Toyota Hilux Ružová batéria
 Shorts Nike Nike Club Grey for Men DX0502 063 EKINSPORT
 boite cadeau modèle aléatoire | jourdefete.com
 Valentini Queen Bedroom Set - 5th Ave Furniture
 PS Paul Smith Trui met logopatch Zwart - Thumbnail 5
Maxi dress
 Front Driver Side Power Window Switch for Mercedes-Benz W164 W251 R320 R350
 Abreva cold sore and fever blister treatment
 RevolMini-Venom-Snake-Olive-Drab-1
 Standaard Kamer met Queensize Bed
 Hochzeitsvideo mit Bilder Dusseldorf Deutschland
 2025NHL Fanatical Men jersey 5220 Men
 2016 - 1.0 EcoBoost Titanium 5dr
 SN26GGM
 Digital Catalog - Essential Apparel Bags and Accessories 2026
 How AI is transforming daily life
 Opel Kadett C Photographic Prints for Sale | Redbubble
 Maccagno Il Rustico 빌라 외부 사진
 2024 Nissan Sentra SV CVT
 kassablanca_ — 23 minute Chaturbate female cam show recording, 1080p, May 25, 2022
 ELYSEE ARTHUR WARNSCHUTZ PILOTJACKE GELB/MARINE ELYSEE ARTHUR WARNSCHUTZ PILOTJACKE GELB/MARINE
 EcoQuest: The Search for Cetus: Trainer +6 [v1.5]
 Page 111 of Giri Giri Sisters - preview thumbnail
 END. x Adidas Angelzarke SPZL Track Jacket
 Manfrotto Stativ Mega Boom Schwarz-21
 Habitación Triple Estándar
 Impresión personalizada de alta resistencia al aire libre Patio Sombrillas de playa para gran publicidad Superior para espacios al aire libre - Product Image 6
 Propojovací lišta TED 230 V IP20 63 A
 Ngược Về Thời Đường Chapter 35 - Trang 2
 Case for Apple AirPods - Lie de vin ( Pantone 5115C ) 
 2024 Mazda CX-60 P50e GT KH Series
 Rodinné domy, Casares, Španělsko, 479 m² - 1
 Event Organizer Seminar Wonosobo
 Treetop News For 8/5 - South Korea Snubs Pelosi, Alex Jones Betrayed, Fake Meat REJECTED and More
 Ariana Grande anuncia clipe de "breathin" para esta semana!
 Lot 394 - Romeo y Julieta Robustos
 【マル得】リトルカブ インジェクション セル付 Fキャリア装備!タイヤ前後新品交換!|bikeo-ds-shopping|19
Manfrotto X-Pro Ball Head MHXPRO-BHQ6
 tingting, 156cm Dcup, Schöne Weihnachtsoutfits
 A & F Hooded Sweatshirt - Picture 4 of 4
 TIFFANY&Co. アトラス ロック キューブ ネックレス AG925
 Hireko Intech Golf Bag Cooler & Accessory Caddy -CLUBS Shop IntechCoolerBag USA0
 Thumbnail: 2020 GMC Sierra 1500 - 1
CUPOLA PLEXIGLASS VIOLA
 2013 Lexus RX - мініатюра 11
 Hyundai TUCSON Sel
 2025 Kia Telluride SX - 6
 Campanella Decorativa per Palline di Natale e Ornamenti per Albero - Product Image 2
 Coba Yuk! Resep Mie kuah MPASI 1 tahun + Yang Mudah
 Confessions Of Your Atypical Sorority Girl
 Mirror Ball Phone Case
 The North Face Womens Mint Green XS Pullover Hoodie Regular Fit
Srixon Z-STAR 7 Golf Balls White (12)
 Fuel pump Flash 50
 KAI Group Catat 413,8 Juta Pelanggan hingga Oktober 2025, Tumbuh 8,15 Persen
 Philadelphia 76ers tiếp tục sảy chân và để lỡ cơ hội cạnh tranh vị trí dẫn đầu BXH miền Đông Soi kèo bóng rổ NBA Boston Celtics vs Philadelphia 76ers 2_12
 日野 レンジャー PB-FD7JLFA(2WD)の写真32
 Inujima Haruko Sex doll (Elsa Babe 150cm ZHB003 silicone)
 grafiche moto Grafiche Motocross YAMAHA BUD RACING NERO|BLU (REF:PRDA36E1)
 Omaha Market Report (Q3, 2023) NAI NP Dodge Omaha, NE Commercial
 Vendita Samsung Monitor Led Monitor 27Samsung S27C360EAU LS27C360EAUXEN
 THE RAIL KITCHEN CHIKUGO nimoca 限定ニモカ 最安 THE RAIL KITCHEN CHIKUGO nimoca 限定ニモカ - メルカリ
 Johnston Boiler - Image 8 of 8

--------

* _Work item_:
All lines above that include the word "Product" must be copied into the answer.

* _Solution to the problem_:
 Impresión personalizada de alta resistencia al aire libre Patio Sombrillas de playa para gran publicidad Superior para espacios al aire libre - Product Image 6
 Campanella Decorativa per Palline di Natale e Ornamenti per Albero - Product Image 2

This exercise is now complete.